All lines from the one that has "Happy Wedding Heart" onward to the end of the records below are to be returned exactly; pictures are to be skipped.

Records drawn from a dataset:
○ ○ ○
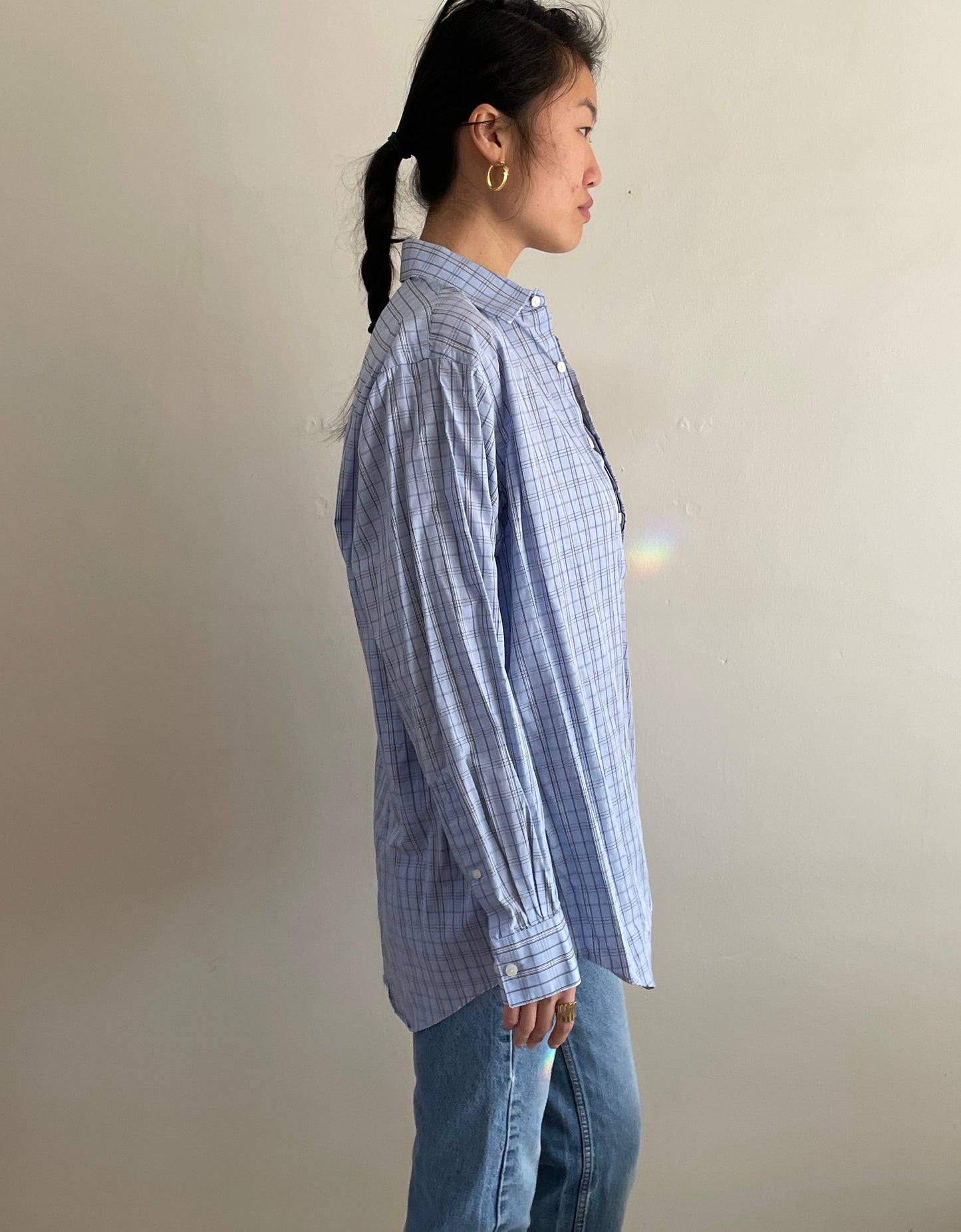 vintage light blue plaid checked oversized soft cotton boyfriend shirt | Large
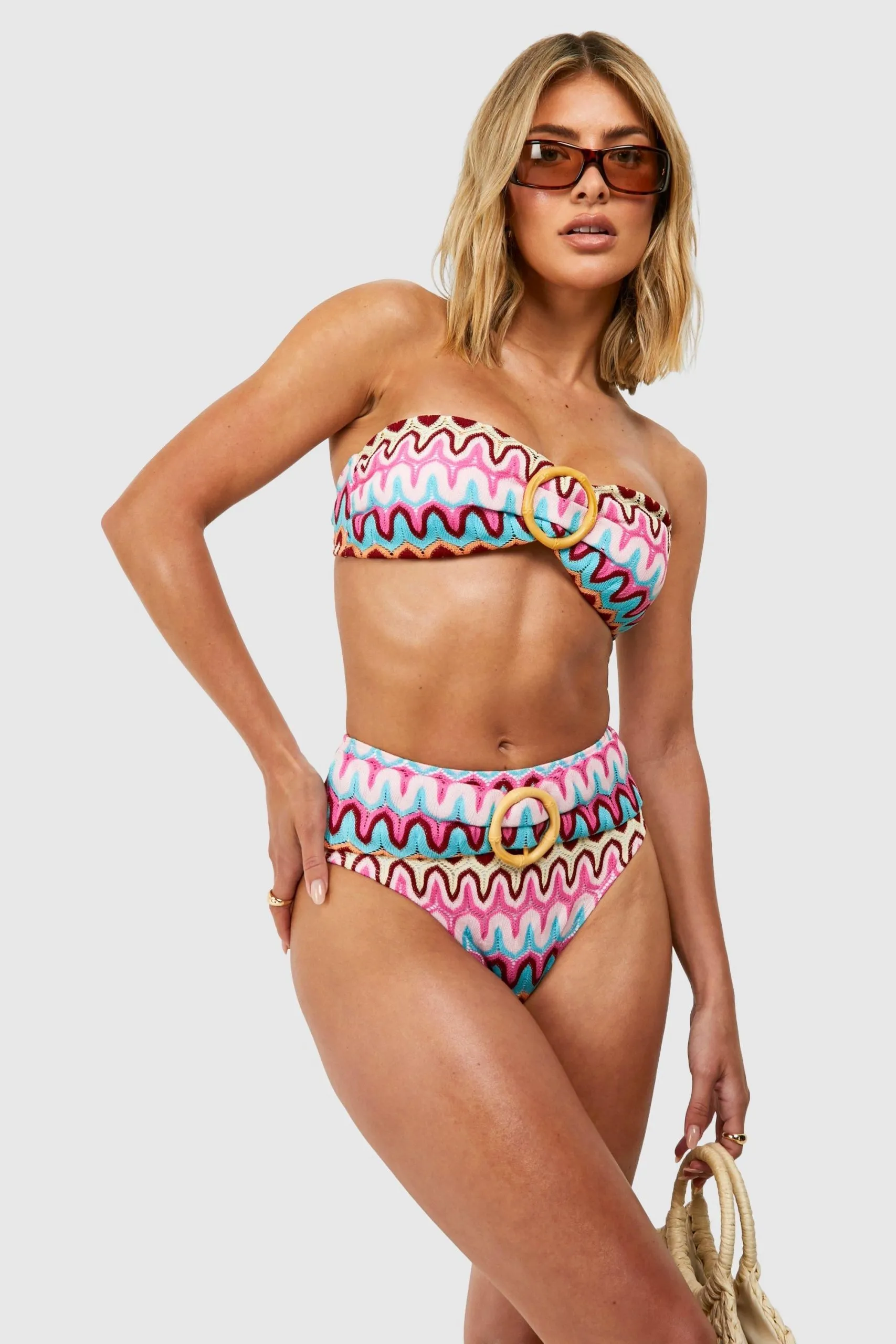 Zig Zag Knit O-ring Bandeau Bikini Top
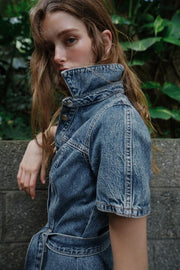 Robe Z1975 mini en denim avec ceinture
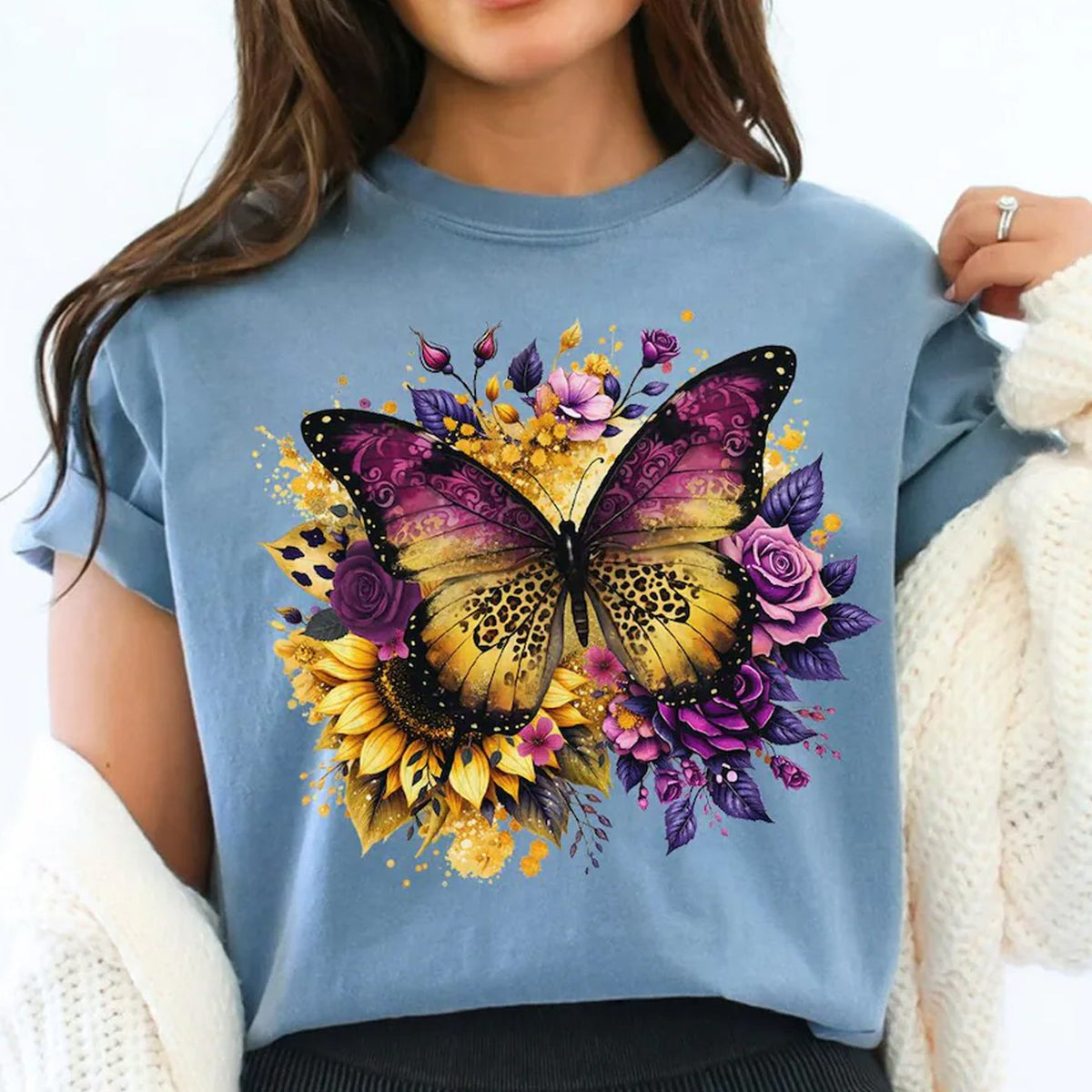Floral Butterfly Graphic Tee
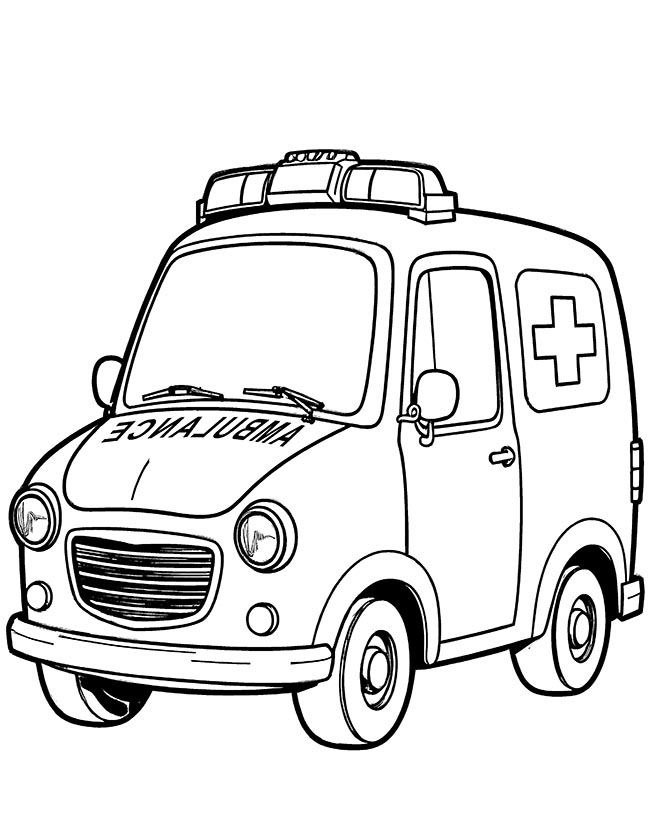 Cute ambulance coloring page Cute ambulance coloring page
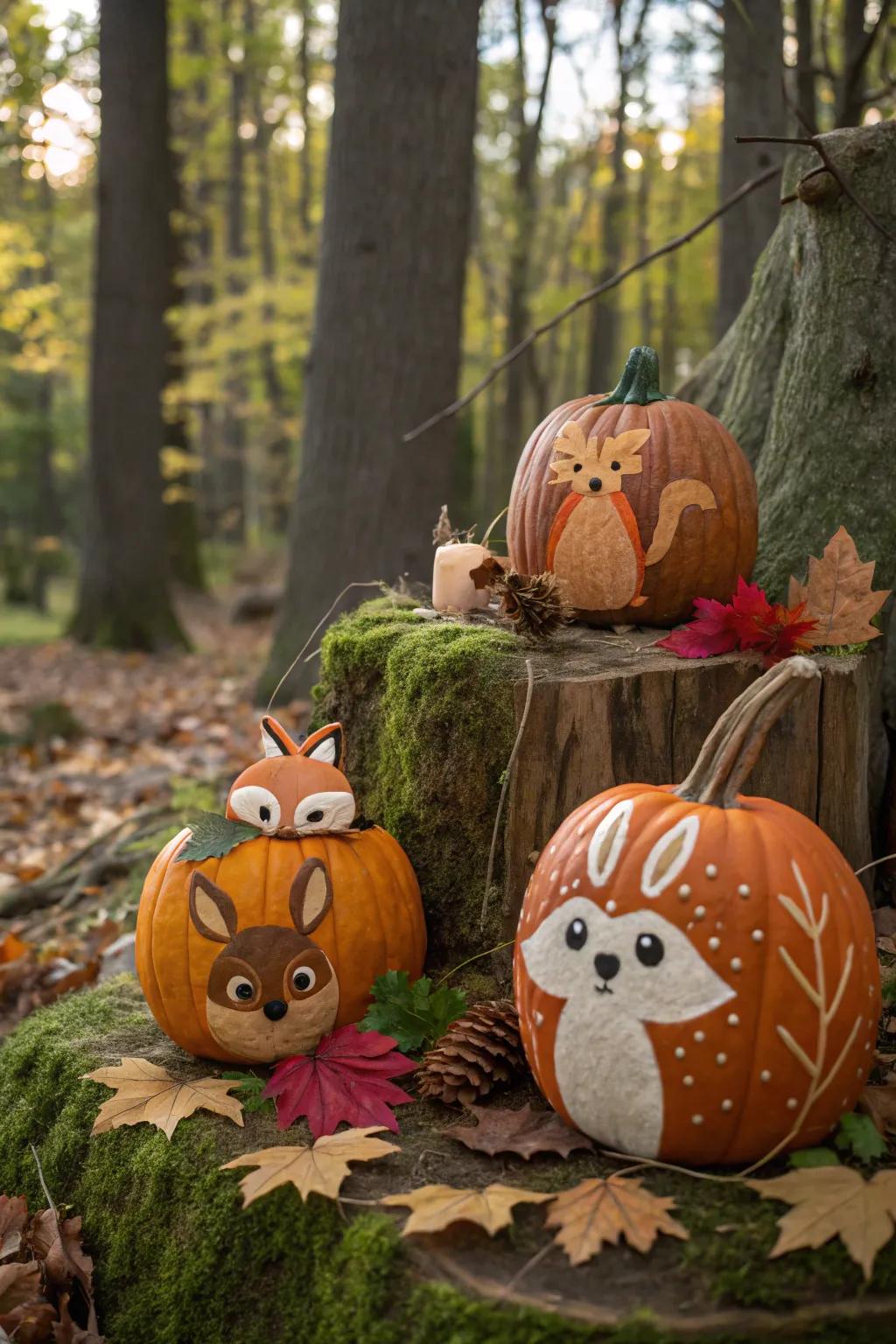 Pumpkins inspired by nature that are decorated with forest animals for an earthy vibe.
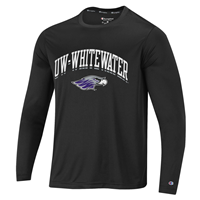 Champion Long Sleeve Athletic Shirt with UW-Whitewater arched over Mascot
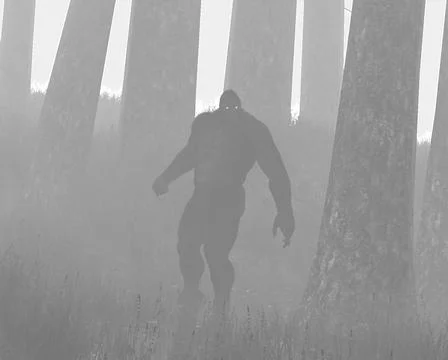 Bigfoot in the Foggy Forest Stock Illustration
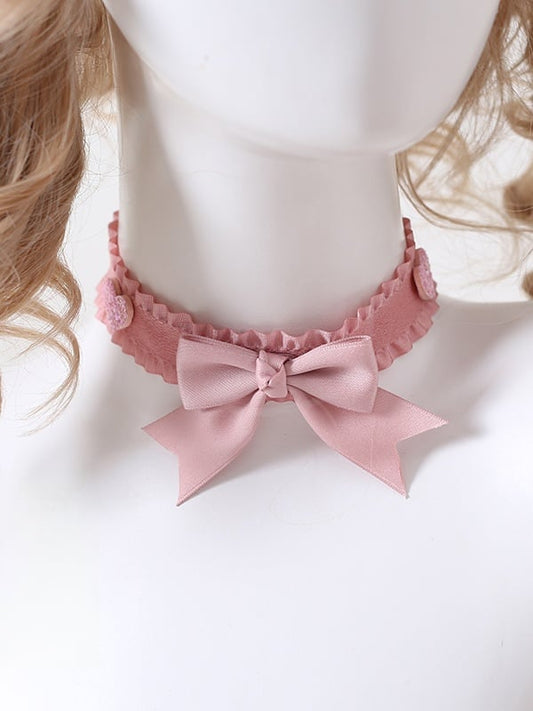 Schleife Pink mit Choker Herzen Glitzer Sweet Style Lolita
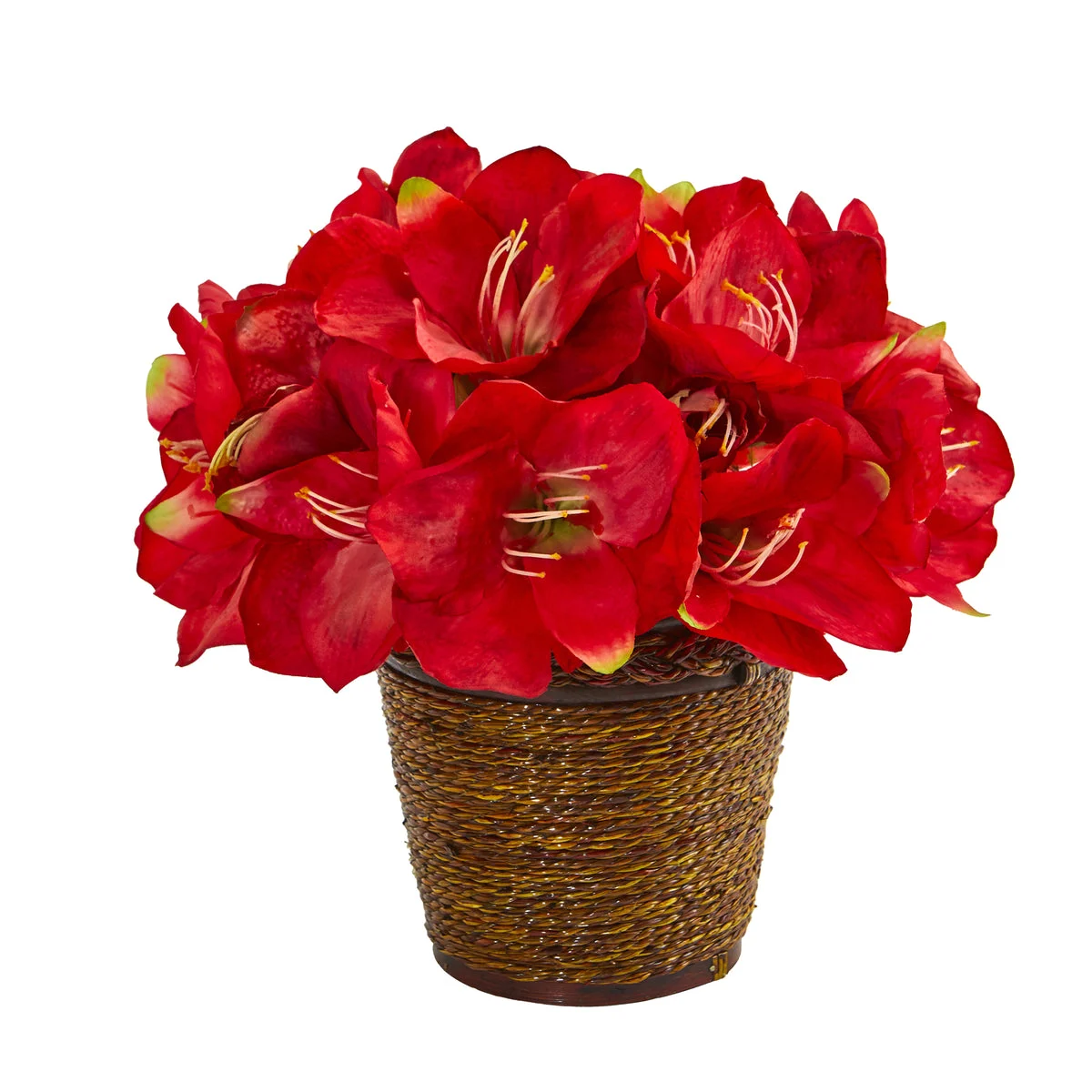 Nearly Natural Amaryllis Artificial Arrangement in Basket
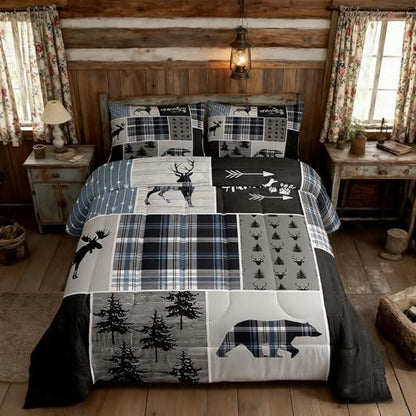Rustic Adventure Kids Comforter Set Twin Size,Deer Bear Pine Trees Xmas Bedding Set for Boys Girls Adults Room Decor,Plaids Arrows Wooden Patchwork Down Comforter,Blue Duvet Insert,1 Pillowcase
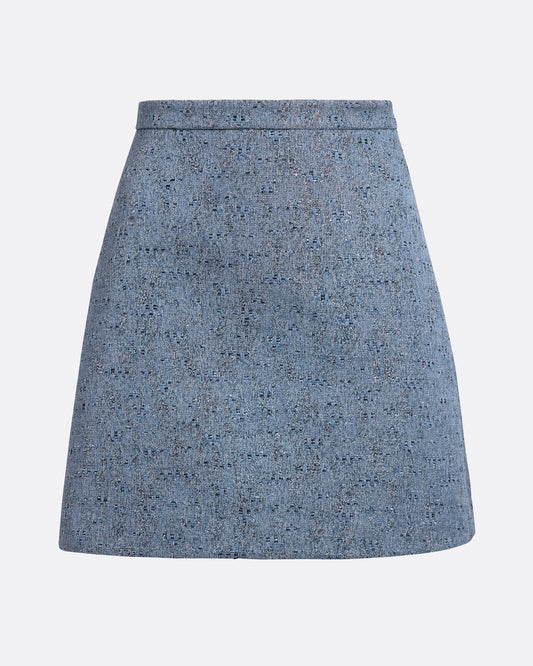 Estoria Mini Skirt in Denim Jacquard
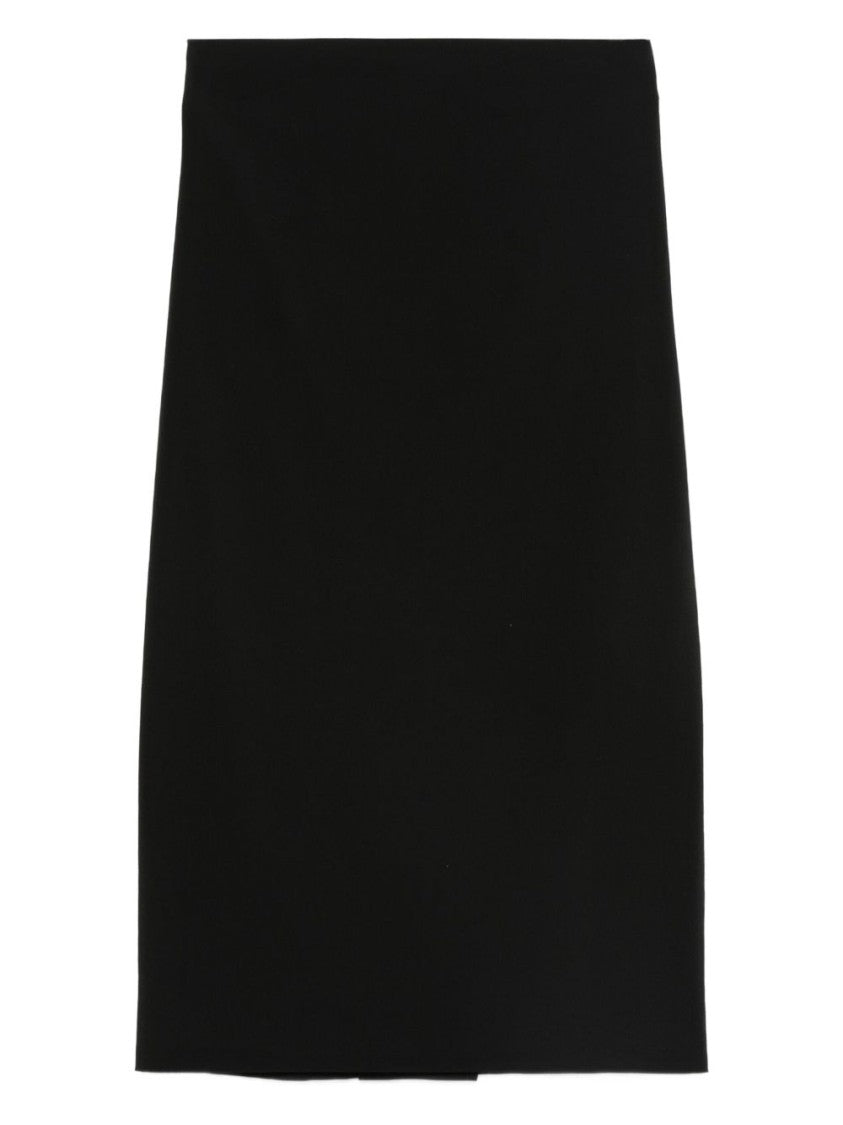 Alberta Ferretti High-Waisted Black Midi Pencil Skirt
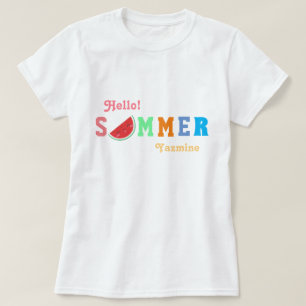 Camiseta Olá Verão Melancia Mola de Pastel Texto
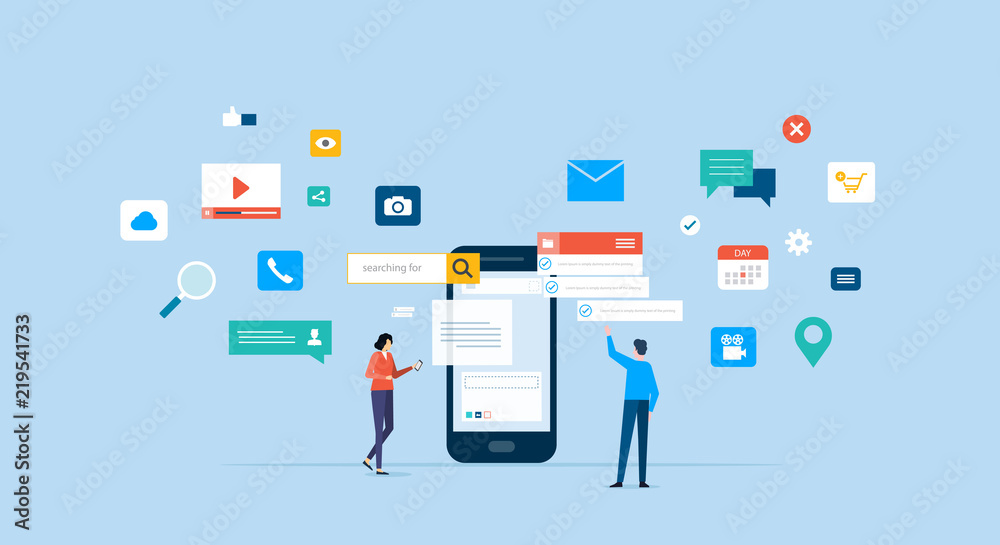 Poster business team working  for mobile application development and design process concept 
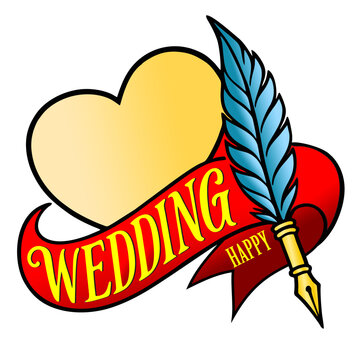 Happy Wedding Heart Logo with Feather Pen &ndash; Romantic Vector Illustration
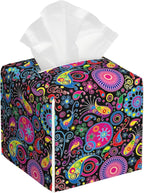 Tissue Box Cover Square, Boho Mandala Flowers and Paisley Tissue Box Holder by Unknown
○ ○ ○
> _Result for this exercise_
 Happy Wedding Heart Logo with Feather Pen &ndash; Romantic Vector Illustration
 Tissue Box Cover Square, Boho Mandala Flowers and Paisley Tissue Box Holder by Unknown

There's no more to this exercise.